The church was built in 1905–06, and designed by George and R. P. Baines. It became an independent church with its own membership roll in 1908. When Myrtle Street Baptist Church closed in 1939, the site having been sold to make way for the building of the Liverpool Hospital for Cancer & Skin Diseases, their congregation and minister (Revd K.C. Dykes) joined with the church at Wavertree. In September 2018 the church held its final service and closed its doors as a Baptist church. The Baptist Union of Great Britain negotiated the sale of the building and in 2020 it was bought by Cornerstone Church Liverpool, reopening on 4 April 2021. They meet there regularly (Sunday Mornings) where they have an hour/hour and a half service with song, sermons and prayer.

==Architecture==
===Exterior===
The church is faced with flint, which is an unusual building material in Liverpool, with dressings in red brick and terracotta. The roof is in slate with a cresting of red tiles. It has a T-shaped plan, consisting of a nave and transepts as wide as the nave, and a southwest tower. The tracery in the windows is Perpendicular in style. The entrance front is gabled, and contains a central doorway with a four-centred arch flanked by diagonal buttresses and two-light windows. Above this is a seven-light window. At the top of the gable are pinnacles and a traceried panel with gargoyles. This section is flanked on the left by a porch with a pyramidal roof, and on the right by the tower. The tower contains an entrance, above which is a three-light square-headed window, and over this are three-light square-headed bell openings. The tower had to be reduced in height in 1989 following concerns over structural stability; the current one is therefore truncated. The transepts are also gabled and contain two tiers of windows. Attached to the rear of the church is a hall with gables containing five-light windows.

===Interior===
Inside the church is a crossing with a four-centred arch on each side carried on thin quatrefoil columns. There is a central pulpit, in front of which is an immersion font and semicircular benches. Behind the pulpit is an organ. In the windows is coloured glass with Art Nouveau features. The three-manual pipe organ was made in 1906 by Hill, Norman and Beard.

==Present day==

The church building is located on Dovedale Road, at the junction with Barndale Road on one side and Olivedale Road on the other. The main entrance to the church is on Dovedale Road with side entrances to the church hall on both Barndale Road and Olivedale Road.

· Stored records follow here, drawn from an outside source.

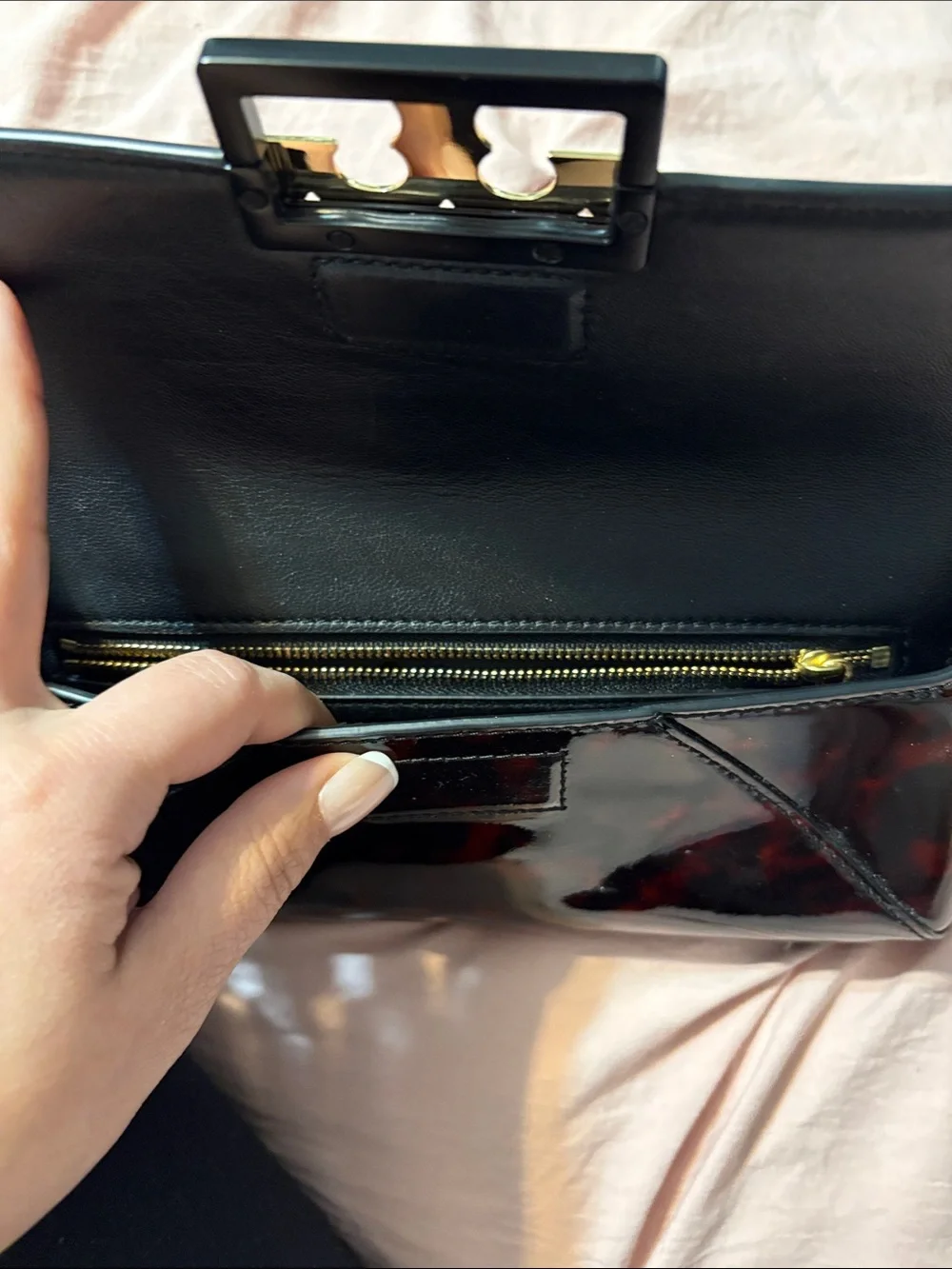 Tory Burch Tortoiseshell Patent Envelope Clutch in Brown and Black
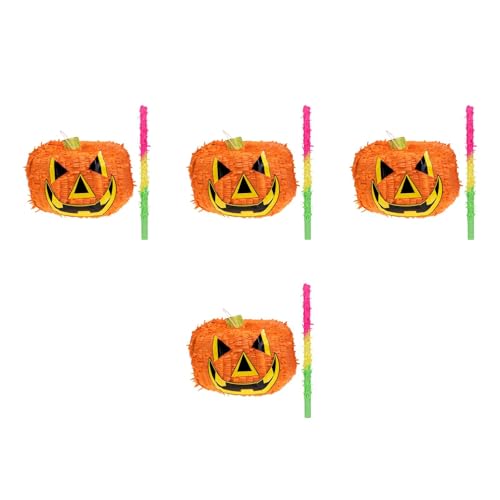 DOITOOL 4Er-Set Halloween-Kürbis-Piñatas Inkl. Piñata-Sticks Und Süßigkeitenfüllungen 11 81 X 6 69 X 6 69 Zoll Partydekorationen Geburtstagsfeiern Veranstaltungen von DOITOOL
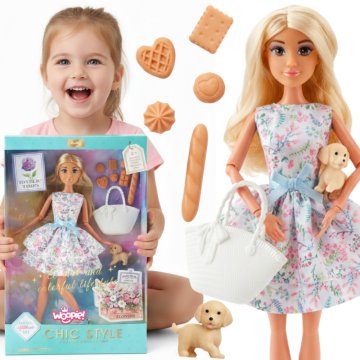 Lalka Lily 30 cm Wiosenna Suknia Akcesoria Piesek Piknik
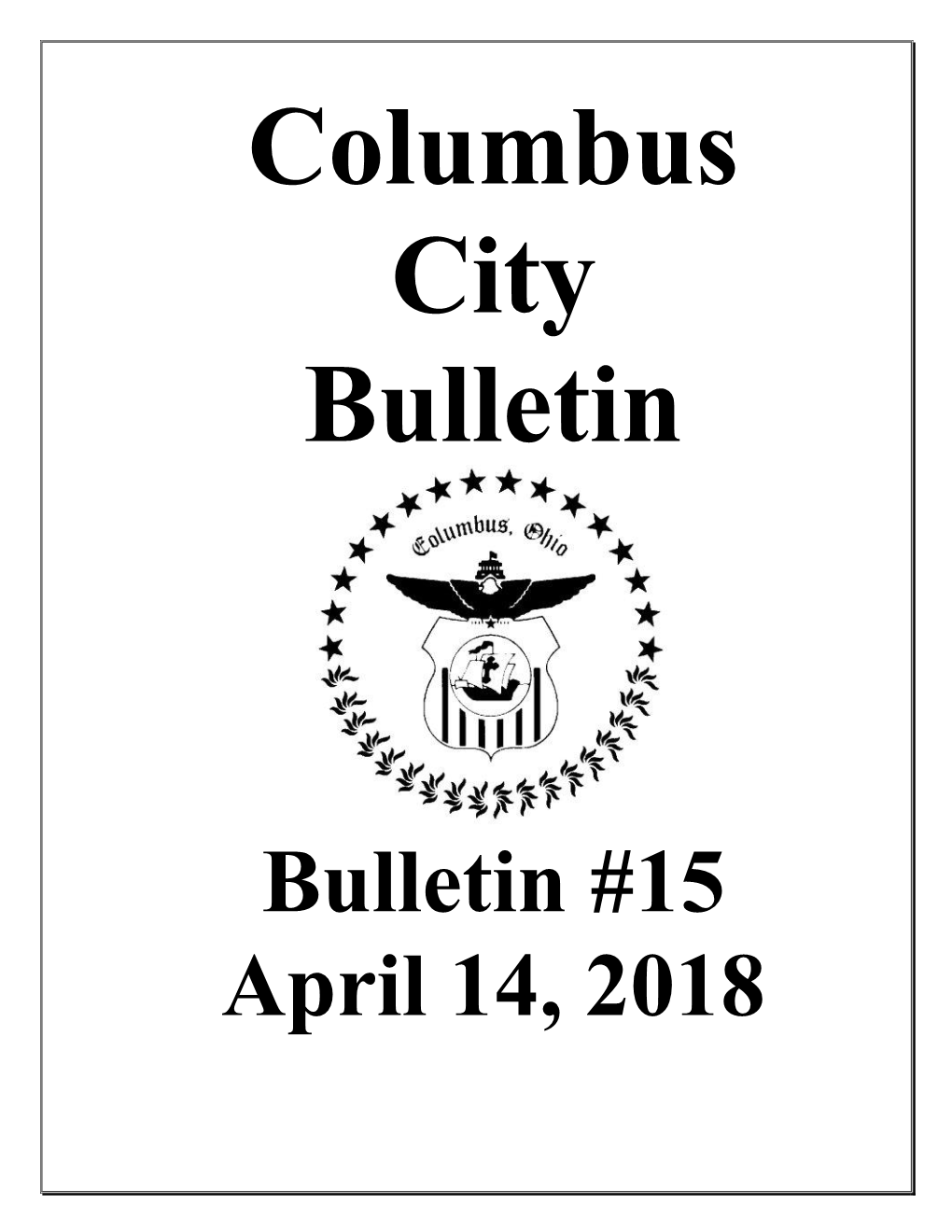 Bulletin #15 April 14, 2018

The church was in membership with the Baptist Union of Great Britain, the Evangelical Alliance and Churches Together in Mossley Hill. until it closed in 2018. Its minister from 1994 to 2011 was Wayne Clarke, who was also a BBC religious broadcaster.
On Sundays, the church organised Morning Worship and a Sunday Club. During the week it arranged meetings for women, and for parents and toddlers. Brownies and Guides met in the church. Cornerstone Church Liverpool purchased the building in 2020 and meet there on Sunday mornings at 10:30 am for an hour/hour and a half service with a sermon, songs and prayer.